クレイジーな友人を店に入れないでください。
▪️フェリーでサバサンドを
エジプシャン・バザールをぶらぶらしたのち、近くにフェリー乗り場があるんだよね、ということで「フェリーに乗ろうよ」とYを誘った。 ボスポラス海峡を船で渡ってみたいんだ、と。
「船酔いするからなあ、でも酔い止め持ってきてるからいいか」とY。
「名物のサバサンドを食べながらフェリーに乗るのがおすすめ、ってなんかのガイドに書いてあったよ」
エミノニュというフェリー乗り場でサバサンドを買う。これまたぎょっとするほどに大きい。

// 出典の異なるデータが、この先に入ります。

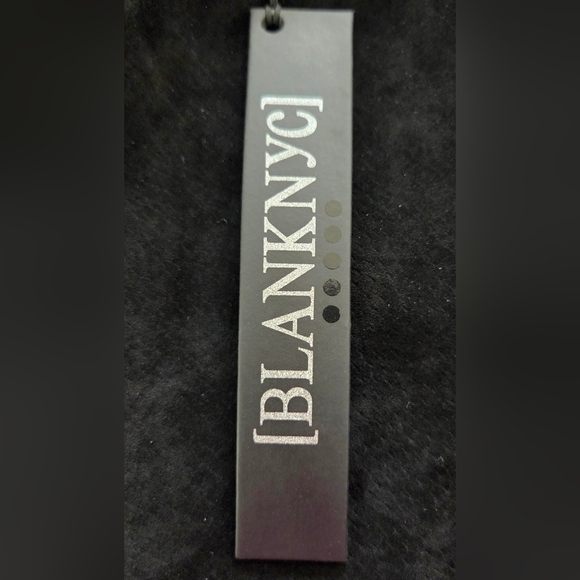 NEW BLANK NYC LEATHER SUEDE FRINGE MINI SKIRT. - Picture 6 of 6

「観光客向けの遊覧フェリーではなく、地元の人が日常的に利用するフェリーが安くていいって」とどこかで得た知識を披露する私。「カドゥキョイ行きに乗ればいいみたいよ。たしか15分くらいだって」
かなりアバウトな情報だけど、たまたまカドキョイ行きが出る寸前だったので飛び乗ってしまった。チケットはなくてクレジットカードをタッチするだけ。
そしてビッグなサバサンドを食べながら、海を眺めながら、フェリーを満喫。…していたのだが、しだいに不安に。
ぜんぜん着く気配がないね。ほんとにこれカドキョイ行き? それに行きってことは行きっぱなしだよね。時間がないから着いたらすぐにまたフェリーに乗って帰らないといけないね。そういうことになるね。でもほんとうにカドキョイ行き?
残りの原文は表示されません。